Of interest is that two recent Patent Office decisions, ImmunoGen, Inc. [2014] APO 88 (19 December 2014), “ImmunoGen” and Novartis Vaccines and Diagnostics S.r.l. [2015] APO 2 (2 February 2015), “Novartis” have sought to clarify the breadth of the scope of PTE provisions as they relate to pharmaceutical substances involving rDNA technology.

Importantly, in the ImmunoGen decision, at [20], the Deputy Commissioner found that “The Act and extrinsic materials relevant for the purpose of section 15AB of the Acts Interpretation Act 1901 fall short of qualifying the term “involves” in subsection 70(2)(b) to require a product to be made by new recombinant DNA technology or that the process be limited entirely to a recombinant process”.

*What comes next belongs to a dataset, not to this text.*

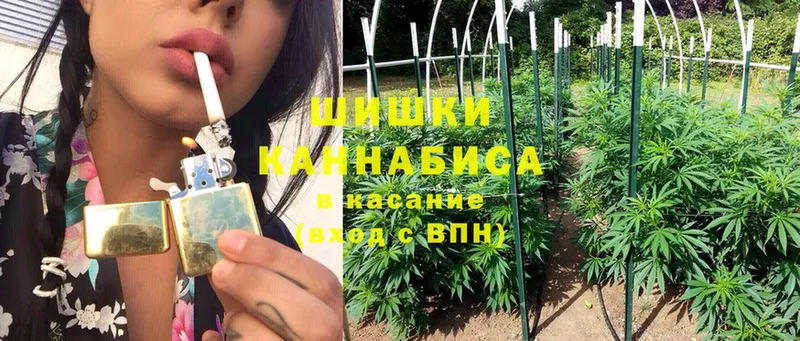 Каннабис White Widow  хочу наркоту  Валдай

Furthermore, in both decisions it was found that a process claim could be used as the basis for the PTE request because it includes within its scope the product of the process.

Thus, in summary, the ImmunoGen and Novartis decisions clarify that:

  1. the term “involves” does not require a product to be made by a process comprising new rDNA technology or that the process be limited entirely to a recombinant process; and
  2. a “product-by-process” claim is not required as it does not add protection beyond the protection afforded by the corresponding process claim. Nevertheless, bearing in mind the wording of the legislation governing PTEs, it would be prudent to also include a “product-by-process” claim.

The deadline for filing a PTE request is the later of 6 months from the date of grant of the patent or 6 months from listing on the ARTG. Thus, where a pharmaceutical substance involving rDNA technology is to be listed, or has recently been listed on the ARTG, pharmaceutical patent owners may wish to review their patent portfolio for the possibility of an extension of term.